Sulla base di questa situazione,
la “Compagnia
Mazzini”, su disposizione della direzione del Partito Repubblicano
Italiano riunita a Firenze,
fu sciolta ed i volontari lasciati liberi.
Nel contempo, però, senza una
“etichetta” di partito e politica si stava costituendo la Legione Garibaldina,
con a capo Peppino Garibaldi, con il I ed il II battaglione a Montelimar,
mentre il III a Nimes. Era una unità apolitica e solo espressione del “garibaldinismo”
e quindi vista di buon occhio dal Governo Francese, che non doveva affrontare
implicazioni politiche con l’Italia.
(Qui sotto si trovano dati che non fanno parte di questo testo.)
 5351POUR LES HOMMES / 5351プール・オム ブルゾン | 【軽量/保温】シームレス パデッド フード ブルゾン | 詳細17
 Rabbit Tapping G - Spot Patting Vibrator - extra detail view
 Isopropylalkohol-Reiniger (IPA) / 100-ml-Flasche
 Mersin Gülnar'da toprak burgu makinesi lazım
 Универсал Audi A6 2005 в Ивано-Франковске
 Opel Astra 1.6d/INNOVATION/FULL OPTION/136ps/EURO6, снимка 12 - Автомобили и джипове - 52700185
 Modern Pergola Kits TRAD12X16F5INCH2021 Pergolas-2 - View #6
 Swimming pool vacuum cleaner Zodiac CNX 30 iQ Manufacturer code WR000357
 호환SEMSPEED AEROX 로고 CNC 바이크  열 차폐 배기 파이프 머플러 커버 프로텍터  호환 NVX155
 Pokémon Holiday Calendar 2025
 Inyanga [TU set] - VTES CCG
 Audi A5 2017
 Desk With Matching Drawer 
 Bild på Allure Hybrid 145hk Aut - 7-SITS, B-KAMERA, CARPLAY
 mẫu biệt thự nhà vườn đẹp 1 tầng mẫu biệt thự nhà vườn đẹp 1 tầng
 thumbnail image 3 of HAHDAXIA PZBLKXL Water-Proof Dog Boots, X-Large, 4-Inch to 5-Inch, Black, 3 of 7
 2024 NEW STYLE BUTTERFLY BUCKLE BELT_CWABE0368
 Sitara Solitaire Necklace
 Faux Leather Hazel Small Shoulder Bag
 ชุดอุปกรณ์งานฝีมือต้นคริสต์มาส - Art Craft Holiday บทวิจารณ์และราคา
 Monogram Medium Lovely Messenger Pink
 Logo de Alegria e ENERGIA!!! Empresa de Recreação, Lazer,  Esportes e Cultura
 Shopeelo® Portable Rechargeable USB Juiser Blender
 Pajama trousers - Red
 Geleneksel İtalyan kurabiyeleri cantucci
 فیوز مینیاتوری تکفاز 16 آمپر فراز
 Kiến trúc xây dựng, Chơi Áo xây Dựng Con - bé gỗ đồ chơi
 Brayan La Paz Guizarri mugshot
Rimanevano a rappresentare il Partito
Repubblicano presso lo Stato Maggiore della Legione Cesare Briganti, Ernesto Re
e Carlo Bazzi.
Se la Legione non avesse potuto
agire liberamente in Francia, il Partito Repubblicano si era impegnato con
Peppino Garibaldi a fornire ogni aiuto per poter combattere contro l’Austria,
evidentemente in appoggio all’Esercito serbo.
I Volontari garibaldini furono
inquadrati, dopo trattative tra lo stesso Peppino Garibaldi e il Ministero
della Guerra francese, nelle fila dell’Esercito francese, secondo le norme in
vigore per la Legione Straniera,
scartando l’idea di costituire un Corpo Franco o altro similare. Al termine di
queste trattative fu costituito Il 4°
Reggimento di Marcia del 1° Reggimento Straniero (reggimento garibaldino) dal
Ministero della Guerra con telegramma in data 5 novembre 1914. Con i
quadri già nominati, venivano definitivamente costituiti e resi operativi i
depositi di Nimes e Montelimar che, con ordine ministeriale del 3 novembre,
costituirono il predetto 4° Reggimento di marcia del 1° Reggimento Straniero,
chiamato Reggimento garibaldino in termini di burocrazia militare.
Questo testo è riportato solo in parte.